8 狼の眼
高い木の枝に腰をおろしていた男のもとに、声がかかった。
「琥春、首尾は」
ひとに変じた弥琥が、地上からこちらを見上げてきていた。そんな狼の頭取には視線を返さず、琥春は幹にもたれながら琥珀色の瞳に御所を映す。
御所は水をたたえた堀に囲まれている。しかしここからは建物など見えず、鬱蒼とした森があるのみだった。ひとびとが住む殿舎は森の奥にあるはずだ。
堀に囲まれた御所は、小島のようだった。呪者の特別な結界に守られた孤島――、あの堀には呪者によって結界が張られている。自分たちのような獣には、あそこを越えることはできない。
琥春は息をついた。
「ずっと見張っているが、娘は一度も外には出てきていない。あの御所の結界を破ることも、俺たちには無理だ。命を削る覚悟があれば、またちがうかもしれないが」
「娘が出てきたとして、殺せるのだな」
「当然だ」
御所の外は広い大路が伸び、貴族や官人の邸、商人町、職人町がおかれている。昼間はにぎやかな通りだが、夜は静かなものだ。琥春がいるのは小さな神社の木の上だった。
「おまえ、娘のことを一度は殺し損ねているだろう」
弥琥が憎々しげに言った。
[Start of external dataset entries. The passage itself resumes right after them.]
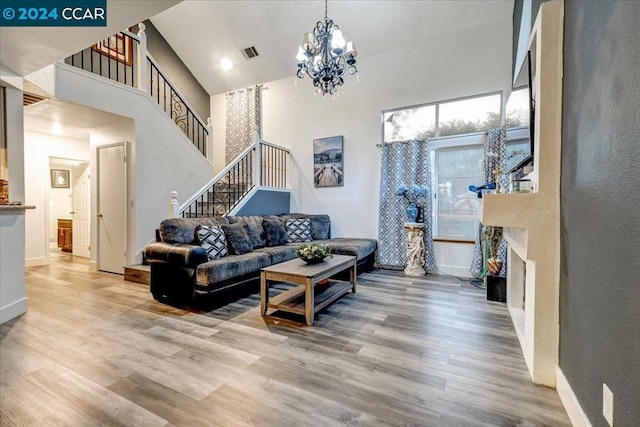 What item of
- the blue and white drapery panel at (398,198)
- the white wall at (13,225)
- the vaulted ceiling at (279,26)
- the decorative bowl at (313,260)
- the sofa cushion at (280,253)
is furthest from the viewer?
the blue and white drapery panel at (398,198)

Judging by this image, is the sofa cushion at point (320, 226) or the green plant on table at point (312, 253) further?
the sofa cushion at point (320, 226)

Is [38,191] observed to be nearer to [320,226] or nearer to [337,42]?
[320,226]

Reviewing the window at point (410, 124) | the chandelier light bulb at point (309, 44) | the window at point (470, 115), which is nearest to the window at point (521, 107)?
the window at point (470, 115)

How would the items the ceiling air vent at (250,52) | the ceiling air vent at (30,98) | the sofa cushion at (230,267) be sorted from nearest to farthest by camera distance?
the sofa cushion at (230,267) < the ceiling air vent at (30,98) < the ceiling air vent at (250,52)

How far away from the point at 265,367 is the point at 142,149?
4.22m

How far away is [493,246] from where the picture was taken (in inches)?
149

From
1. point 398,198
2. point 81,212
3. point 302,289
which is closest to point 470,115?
point 398,198

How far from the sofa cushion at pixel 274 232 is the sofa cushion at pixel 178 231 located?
131cm

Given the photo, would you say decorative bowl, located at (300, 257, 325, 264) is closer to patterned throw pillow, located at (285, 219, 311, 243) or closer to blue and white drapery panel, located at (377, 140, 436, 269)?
patterned throw pillow, located at (285, 219, 311, 243)

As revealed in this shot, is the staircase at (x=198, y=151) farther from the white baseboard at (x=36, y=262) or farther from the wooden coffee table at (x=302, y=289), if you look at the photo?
the white baseboard at (x=36, y=262)

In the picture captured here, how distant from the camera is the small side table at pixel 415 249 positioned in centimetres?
481

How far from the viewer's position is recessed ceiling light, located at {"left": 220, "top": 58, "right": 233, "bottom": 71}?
660cm

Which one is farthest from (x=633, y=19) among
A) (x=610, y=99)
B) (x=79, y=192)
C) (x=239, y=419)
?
(x=79, y=192)

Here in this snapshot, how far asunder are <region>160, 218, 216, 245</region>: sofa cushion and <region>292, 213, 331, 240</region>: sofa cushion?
7.42 feet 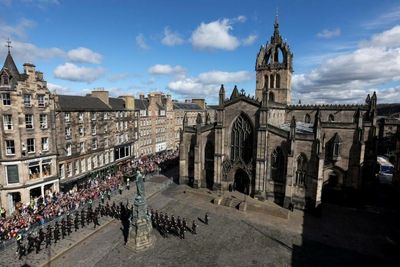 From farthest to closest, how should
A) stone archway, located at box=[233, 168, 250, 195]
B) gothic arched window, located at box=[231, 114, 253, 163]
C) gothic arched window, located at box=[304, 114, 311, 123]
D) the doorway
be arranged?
gothic arched window, located at box=[304, 114, 311, 123]
stone archway, located at box=[233, 168, 250, 195]
gothic arched window, located at box=[231, 114, 253, 163]
the doorway

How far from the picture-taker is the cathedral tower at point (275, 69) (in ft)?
122

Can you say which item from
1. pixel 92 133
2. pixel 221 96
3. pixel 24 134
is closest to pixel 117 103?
pixel 92 133

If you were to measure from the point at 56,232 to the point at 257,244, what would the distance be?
16076 millimetres

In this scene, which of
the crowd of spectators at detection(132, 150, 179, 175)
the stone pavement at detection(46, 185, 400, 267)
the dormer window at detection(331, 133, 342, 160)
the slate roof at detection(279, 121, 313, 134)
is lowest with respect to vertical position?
the stone pavement at detection(46, 185, 400, 267)

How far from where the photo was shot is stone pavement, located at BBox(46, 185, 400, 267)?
17.1 meters

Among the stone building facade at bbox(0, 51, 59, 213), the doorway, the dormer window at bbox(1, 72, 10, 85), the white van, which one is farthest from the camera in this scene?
the white van

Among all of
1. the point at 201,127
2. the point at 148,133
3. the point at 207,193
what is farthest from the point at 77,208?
the point at 148,133

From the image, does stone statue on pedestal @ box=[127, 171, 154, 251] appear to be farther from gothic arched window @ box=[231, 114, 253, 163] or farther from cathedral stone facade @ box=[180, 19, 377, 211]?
gothic arched window @ box=[231, 114, 253, 163]

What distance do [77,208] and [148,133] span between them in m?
27.3

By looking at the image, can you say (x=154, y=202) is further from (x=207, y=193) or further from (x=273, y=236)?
(x=273, y=236)

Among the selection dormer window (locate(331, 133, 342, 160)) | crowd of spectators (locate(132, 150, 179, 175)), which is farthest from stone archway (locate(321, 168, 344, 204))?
crowd of spectators (locate(132, 150, 179, 175))

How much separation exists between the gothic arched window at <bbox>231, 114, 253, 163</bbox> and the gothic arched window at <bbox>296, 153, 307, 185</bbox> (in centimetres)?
562

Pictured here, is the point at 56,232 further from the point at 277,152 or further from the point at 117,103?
the point at 117,103

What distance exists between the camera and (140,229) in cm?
1841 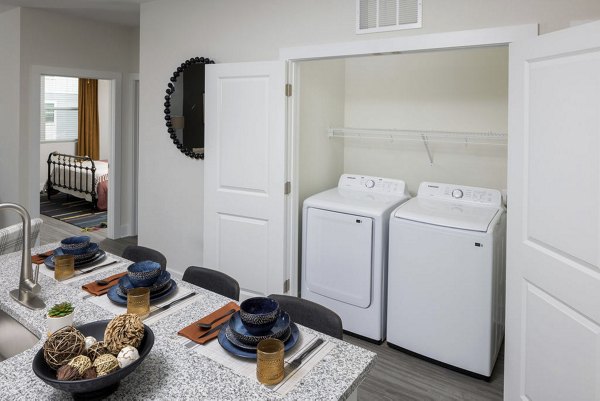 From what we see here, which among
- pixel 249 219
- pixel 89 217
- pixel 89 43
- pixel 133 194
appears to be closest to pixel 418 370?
pixel 249 219

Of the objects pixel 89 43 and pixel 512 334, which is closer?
pixel 512 334

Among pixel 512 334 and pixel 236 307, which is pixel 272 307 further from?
pixel 512 334

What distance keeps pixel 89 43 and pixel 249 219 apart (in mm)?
3181

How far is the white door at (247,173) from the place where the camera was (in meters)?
3.15

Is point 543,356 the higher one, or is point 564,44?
point 564,44

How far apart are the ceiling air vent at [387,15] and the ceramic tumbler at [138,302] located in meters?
2.05

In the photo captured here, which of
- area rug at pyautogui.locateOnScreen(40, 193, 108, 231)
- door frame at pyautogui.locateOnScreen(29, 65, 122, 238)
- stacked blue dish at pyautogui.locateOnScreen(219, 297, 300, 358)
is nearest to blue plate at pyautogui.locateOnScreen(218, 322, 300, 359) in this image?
stacked blue dish at pyautogui.locateOnScreen(219, 297, 300, 358)

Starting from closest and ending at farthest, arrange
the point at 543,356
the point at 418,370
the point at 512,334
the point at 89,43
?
the point at 543,356 → the point at 512,334 → the point at 418,370 → the point at 89,43

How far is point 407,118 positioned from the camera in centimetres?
383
睨まれて、琥春は素直に謝罪する。
「それは悪かったと思っているよ。弥琥だって知っているだろう、あのころの俺は弱かったんだ。だがいまは、ほかの狼たちよりうまくやれるはず。そう思ったから、弥琥も俺にやらせようとするのだろう」
相手の返事の前に、間があった。琥春はそのすきに言葉を重ねる。
「狼は年々弱くなっているからな。俺以外では心もとないのはわかるさ」
弥琥が苛立たしそうに舌打ちをして言った。
「しくじるなよ」
「ああ。……そっちは、見知らぬ人間と会っているようだな。なにをするつもりだ?」
狼たちは人間を疎んでいるのに、このところ弥琥は頻繫に何者かと話しこんでいるようだった。その人間たちの発する匂いに、琥春は慣れない。この国の者の匂いではなかった。
「弥琥、どこのだれと密談をしている」
「いずれ琥春にも伝えるときがくるだろう。いまはただ、娘を殺すことだけ考えろ」
「俺も信用がないらしい」
「琥春は人間贔屓が過ぎるんだ」
「罪のない人間を殺すことに意味は感じない。それは弥琥も同じだろう? 心配しなくても、狼守りの一族は俺も嫌いだ。次は確実に殺す」
「……ならばいい」
闇に溶けるように、弥琥の気配が消える。完全にその気配がなくなってから、琥春は深く夜気を吸いこんだ。御所を見つめ、苦々しい思いに眉をひそめる。
幼いころ、己の身体を抱きあげてくれた少女のぬくもりを思い出す。
憐れな少女は、あの御所の中でなにをしているのだろうか。
殺せるか、と弥琥が問うのなら、もちろんだ、と返す。
それがいまの自分に唯一できることだった。